Yao and Then
Is Yao ready, or has his body gotten the best of him?
by Rudy Raya
After his season-long absence from the hardwood, Yao Ming made his return to the basketball on Tuesday while going through a shooting session for a group of media members at the team’s practice facility. Though he was severely winded in his post workout interviews, Yao’s mobility and moves around the basket seemed to be intact and ready for the upcoming season. With several pre-season games in China already scheduled for mid-October, could the Rockets be pushing Yao’s comeback a little prematurely?
Yao has always had even bigger expectations. Many figured his height alone would make him “The Great Wall of China,” figuratively, in basketball terms. And even now, after coming off of one of the worst injuries in NBA history to one of the biggest players in NBA history, expectations are for him to come back and pick up right where he left off. His impressive career averages bordering on 20 and 10 make his return to the NBA the biggest asset in Houston’s playoff push, but in all likelihood, Yao’s success won’t come overnight.
Throughout his seven years in the NBA, along with his looming size, Yao has been synonymous with automatic all-star bids, amazing commercials and, especially, injuries. When Yao went down in the 2009 playoff series against the Los Angeles Lakers with what was first called a sprained ankle, the outlook on the rest of his career was extremely bleak. The hairline fracture diagnosis made it seem like his ankle was a jigsaw puzzle in a pool of Jell-O that some million-dollar doctors had to put back together.
The injury would require reconstructive foot surgery and an amazing amount of rehab just for him to walk again, let alone play professional basketball. The term “reconstructive surgery” is scary enough, bringing to mind images of drills, hammers and hard hats, but on the bright side, at least he would have a robot foot to match his robot voice. All jokes aside, recovering from an injury like that requires months of rehabilitation and would truly be Yao’s biggest test of strength and determination.
So instead of running up and down the court over the past season, Yao was learning to walk again. Taking baby steps — gigantic, size 18, bobbling baby steps — on his way back to becoming the dominant player that he once was.
During this mostly over-hyped and unsatisfying offseason that featured LeBron’s hour-long State of the Union Address, it would be easy to forget other players in the League. But before he went down, Yao was arguably the best center in the League. His 7-6 stature made him the Mount Everest of the NBA, and his skill set of post moves is something Dwight Howard could only dream of. Yao’s size alone is an impending force, and, with his added wingspan, he can basically throw down on his tippy toes. But who knows just how long his ankle will hold together under his huge frame until the nuts and bolts start popping off and exploding.
Yao has always been more of a fine wine and matured at his own pace. He’s notorious for taking things slow and steady such as his movements, his progression, his sentences, and now his recovery from this devastating injury. Even with his tortoise-like approach to the hare-quick game of NBA basketball, Yao has made the League and the game adjust to him, and this situation is no different.
An injury like this is unprecedented in the NBA and to lie out any sort of timetable is foolish. The balance between a player’s health and the success of his team has become so askew that health concerns are almost always of secondary importance. While the Rockets organization will make sure to limit the minutes and not rush their multi-million dollar investment, Yao needs to take full control of his career and be the one to determine how long it will take him to, literally, get his feet back under him; not his fans and definitely not his contract.

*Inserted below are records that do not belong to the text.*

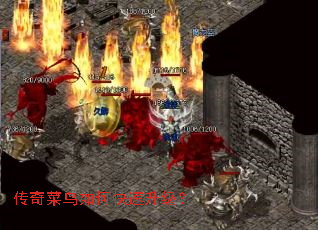 ���������ο���������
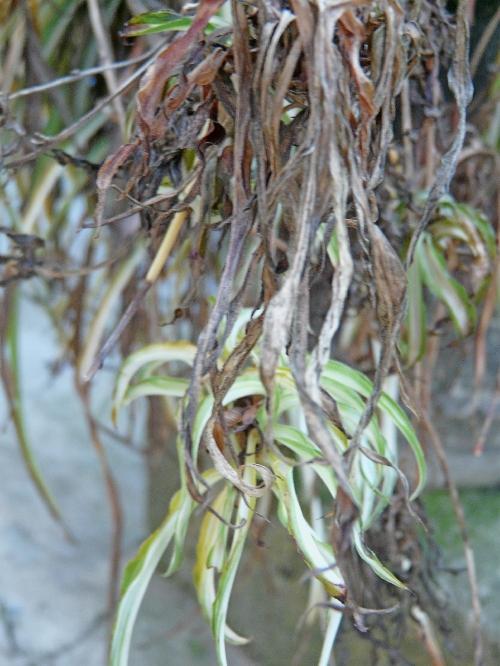 Episodes de gel : conséquences et traitements... Episodes de gel : conséquences et traitements...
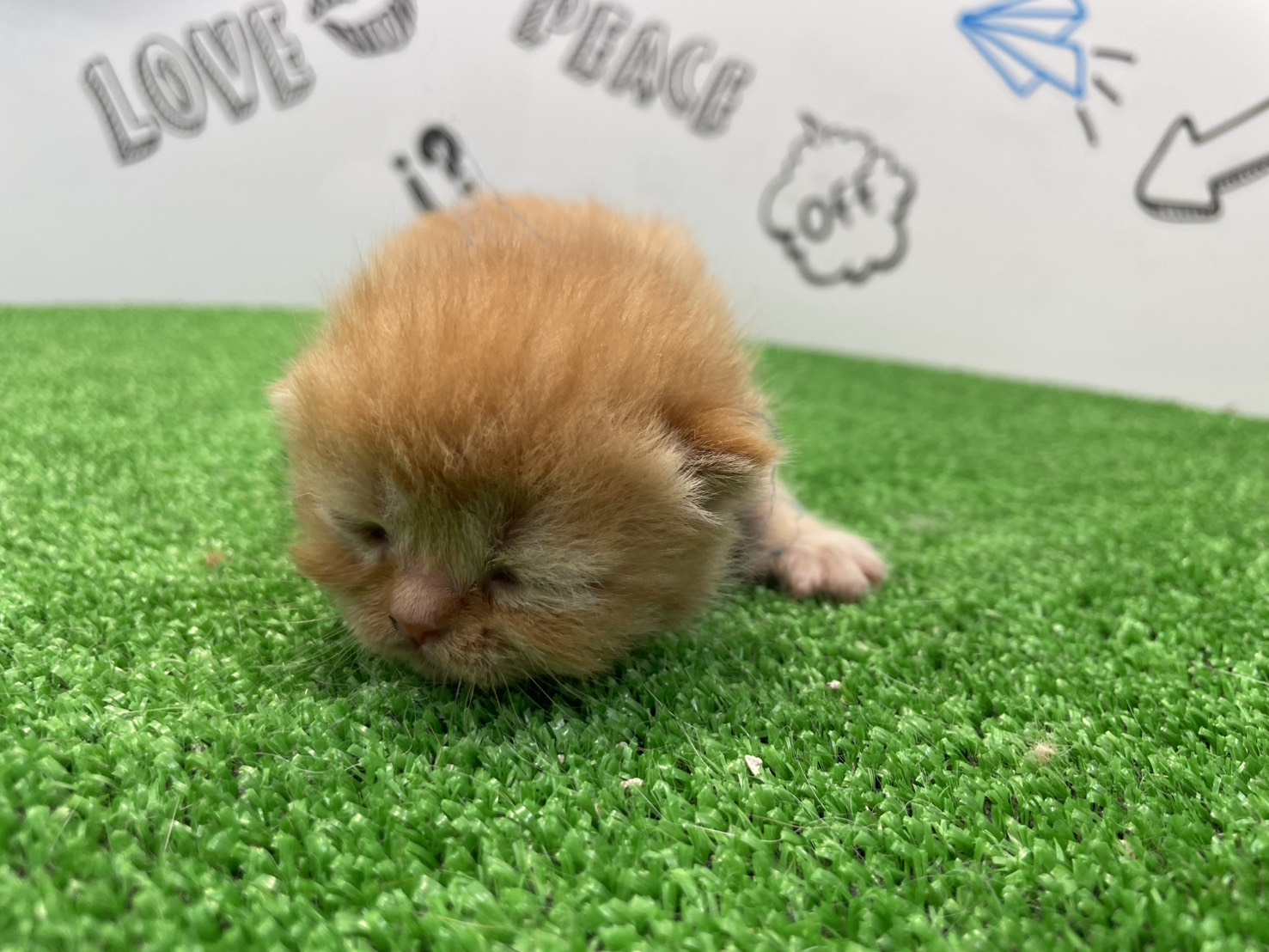 赤ちゃん写真1-1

Though doctors have cleared Yao for his return, there is going to a be a great deal of rust that Yao will have to shake off before he can step foot back on the court. And the last thing the Rockets want is to bring him back too early like and have a situation like the Amar’e Stoudemire microfracture surgery from several years ago.
It’s Coach Rick Adelman and his coaching staff’s job to slowly wean Yao back into the Rocket’s gameplan and make sure that the soon-to-be 30-year-old big man is working at his own pace toward becoming the intimidating, superstar presence that they and NBA Store need him to be. Surprisingly, the 1.3 billion people in China don’t want to buy Chase Budinger jerseys.